In those refrigerator-less days, housewives made daily trips to the market for fresh food. I remember the excitement of helping her make the bags and listening to her voice telling us about the value of sharing, which is emphasized in that month. Somehow we felt sorry when that special month was over.
My mother did it too, her's were ready-made brown paper bags. Unlike my grandmother who distributed them from her langganan dokar (horse drawn cart), my mother distributed them from a car, with all the windows rolled down for fresh air. And now my bags are made of paper too, old discarded office papers we buy from the nearby warung (street stall), but they contain the same amount of rice as my grandmother's and my mother's did.
My grandchildren are rarely here to help me, they are at school abroad. I have my driver distribute them from his car- window while I sit in the back seat and the other windows remain closed, on account of the air conditioning.
Ten liters of rice a day over 30 days, I know it is a drop in the ocean, but it's the spirit behind it that counts. Almost all members of my extended family honor this tradition. It goes without saying. What I also remember is the smell of exotic food from the kitchens. Recipes only prepared during Ramadhan are tried again. All housewives prided themselves on their respective ancient, ethnic recipes. There was so much food, not for the family only, but especially for orphans, widows with children, elderly people, mosques whose leaders distribute them again to the needy in their communities.
I remember how proud we were, when allowed to carry a tray loaded with food to the neighbors. Sometimes we received a tray too and when we teased our cook that their food tasted better, she would chase us out of her domain with lots of laughter from all of us. Our early morning meals are usually left untouched, our stomachs can't take the food at 4 o'clock in the morning. In the last days before the end of Ramadhan our paper bags multiply, some are bigger for those needy families with more children.
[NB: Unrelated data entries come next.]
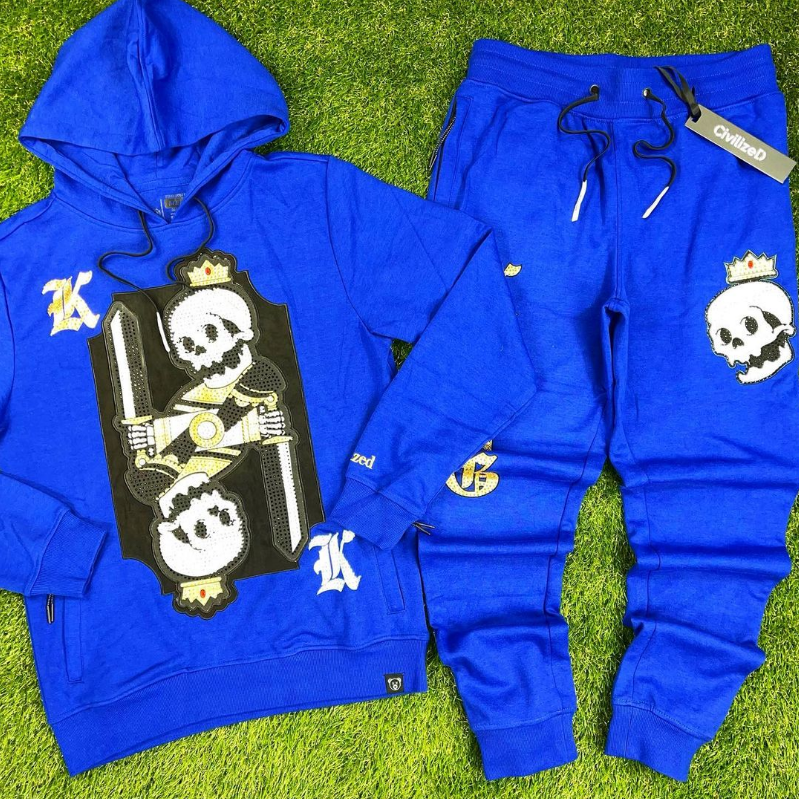 Civilized King Hoodie Set (Royal) /SU17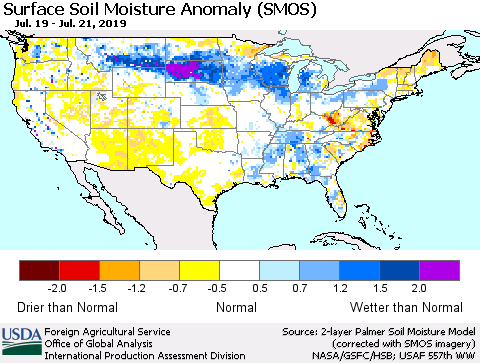 United States Surface Soil Moisture Anomaly (SMOS) Thematic Map For 7/15/2019 - 7/21/2019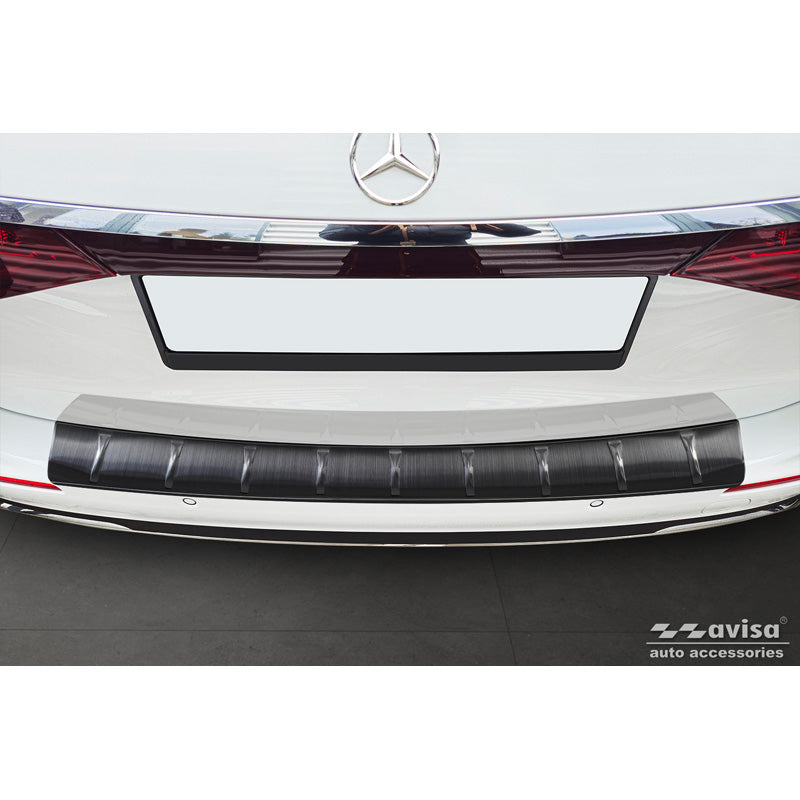 Avisa, Rear Bumper Protector, Black Stainless Steel, Fits Mercedes E-Class (S214) Estate 2023-, 'Ribs'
Suppose that only 10 percent of the families in Jakarta had the same tradition (I know many who do), all one needs is a calculator to work out how many extra kilograms of rice is needed in Jakarta alone during Ramadhan. Not yet included is the rice collected privately in communities all over the city for the Zakat Fitrah (tithe in rice or money donated on the last day of Ramadhan).
Does this answers Mr Luckett's cynical question: "Can anyone out there explain the annual government reports of 20 percent to 25 percent increase of food supplies to feed the city during the "fasting" month of Ramadhan?" (The Jakarta Post, Feb. 23, 1995).
It's not that some people eat more, but that more people eat some.